• _TO DO_
Return the records exactly as they stand, and keep the pictures out of the copy.

• _DATA TO USE_
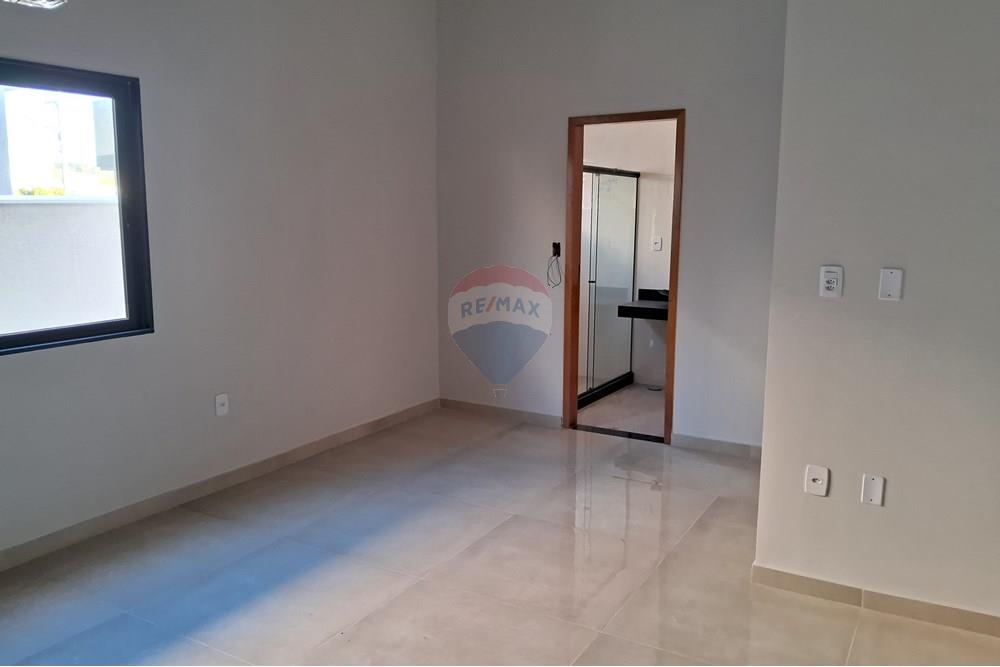 Casa de Condomínio - Venda - Maricá , Rio de Janeiro - 20250604_151111.jpg - 630121026-164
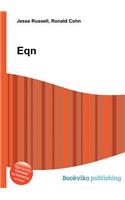 Eqn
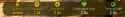 106 KB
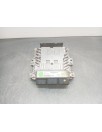 Recambio de centralita motor uce para volvo s60 lim. momentum referencia OEM IAM s180134103a 31355712 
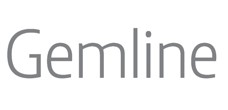 Gemline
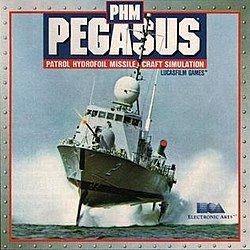 PHM Pegasus httpsuploadwikimediaorgwikipediaenthumb7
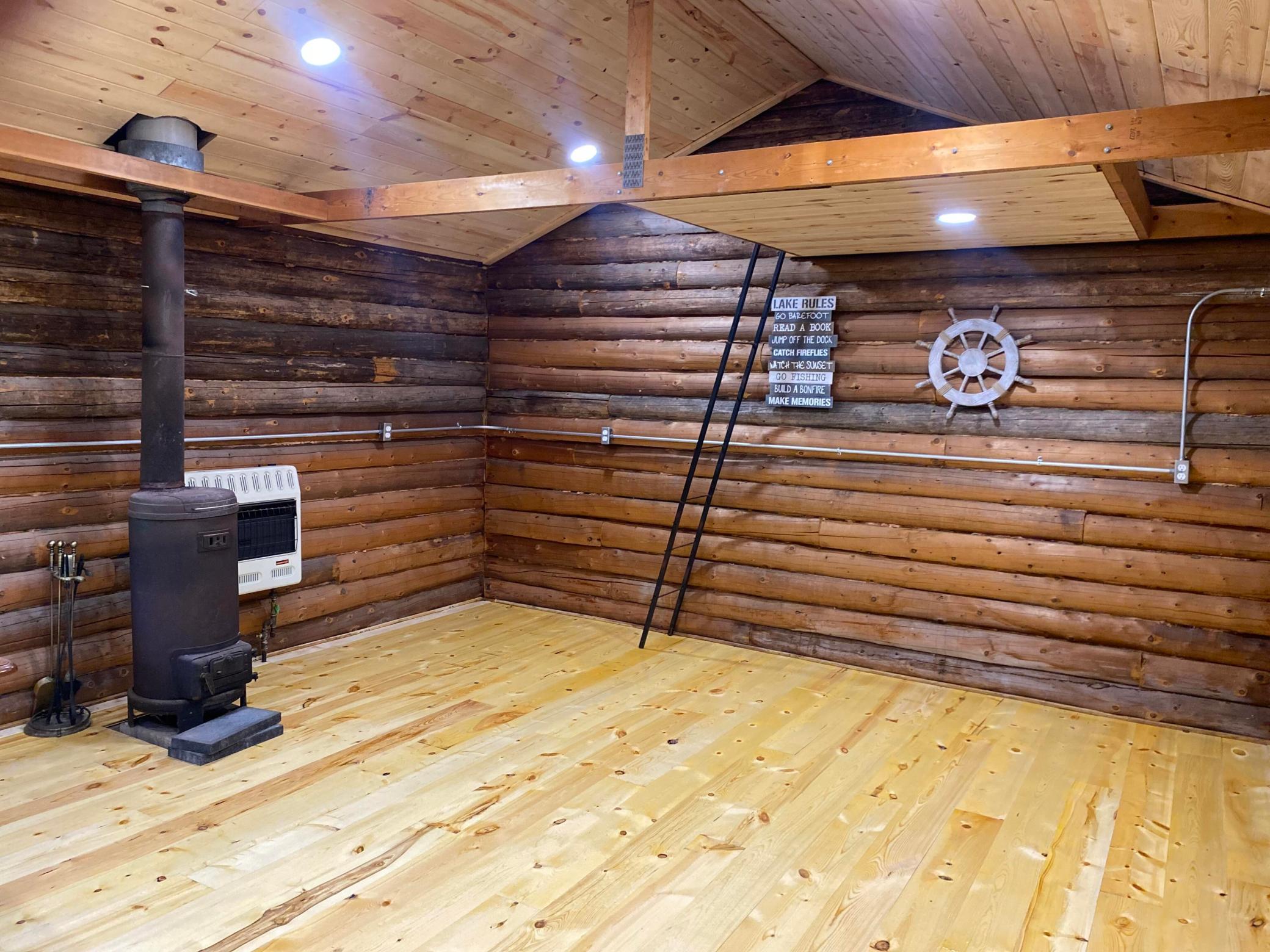 1984 land for sale at 48794 166th Avenue in McGregor, MN (photo 17 of 18)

• _SOLVED PROBLEM_
 Casa de Condomínio - Venda - Maricá , Rio de Janeiro - 20250604_151111.jpg - 630121026-164
 Eqn
 106 KB
 Recambio de centralita motor uce para volvo s60 lim. momentum referencia OEM IAM s180134103a 31355712 
 Gemline
 PHM Pegasus httpsuploadwikimediaorgwikipediaenthumb7
 1984 land for sale at 48794 166th Avenue in McGregor, MN (photo 17 of 18)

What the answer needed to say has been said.